*PROBLEM:* Give back the full listing as written. No pictures go with it.

*PROVIDED DATA:*
————————

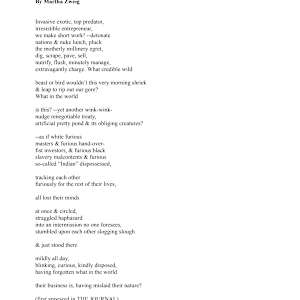 Anhinga Trail, With Seminole Wars by Martha Zweig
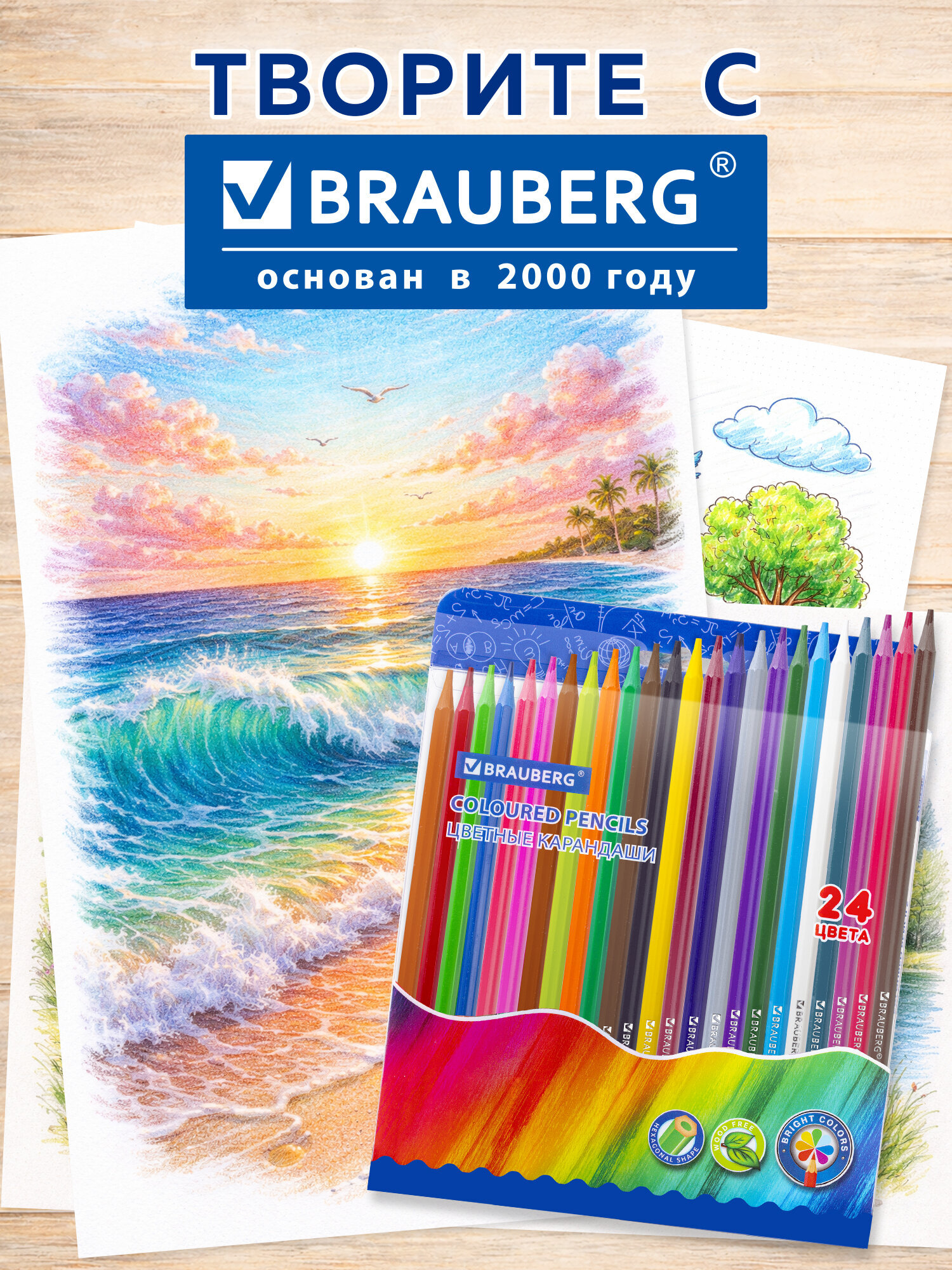 Карандаши цветные Brauberg 24 шт. - фото 8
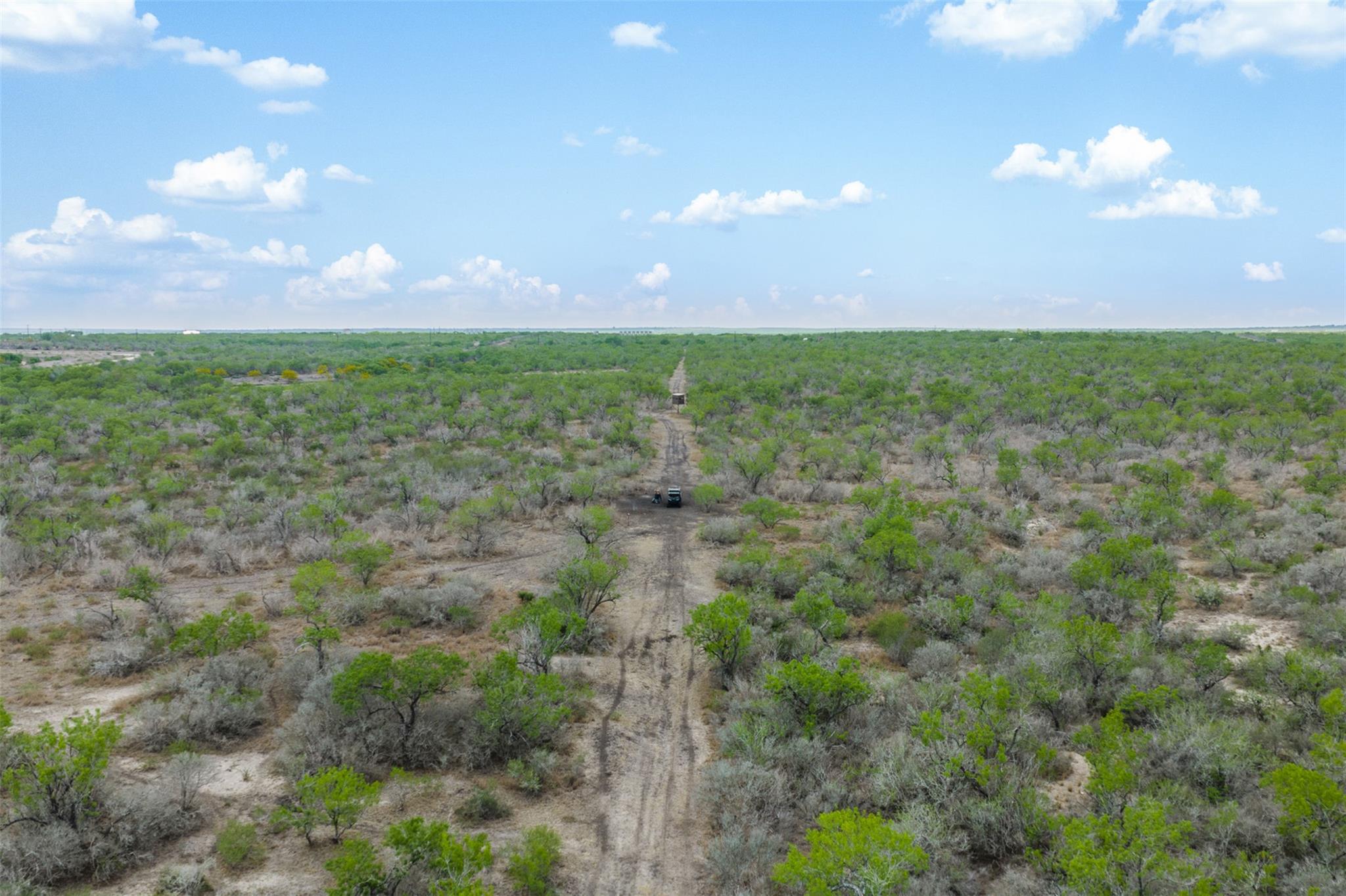 235 Fm 99, Whitsett, Three Rivers, TX 78075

————————

*TASK RESULT:*
 Anhinga Trail, With Seminole Wars by Martha Zweig
 Карандаши цветные Brauberg 24 шт. - фото 8
 235 Fm 99, Whitsett, Three Rivers, TX 78075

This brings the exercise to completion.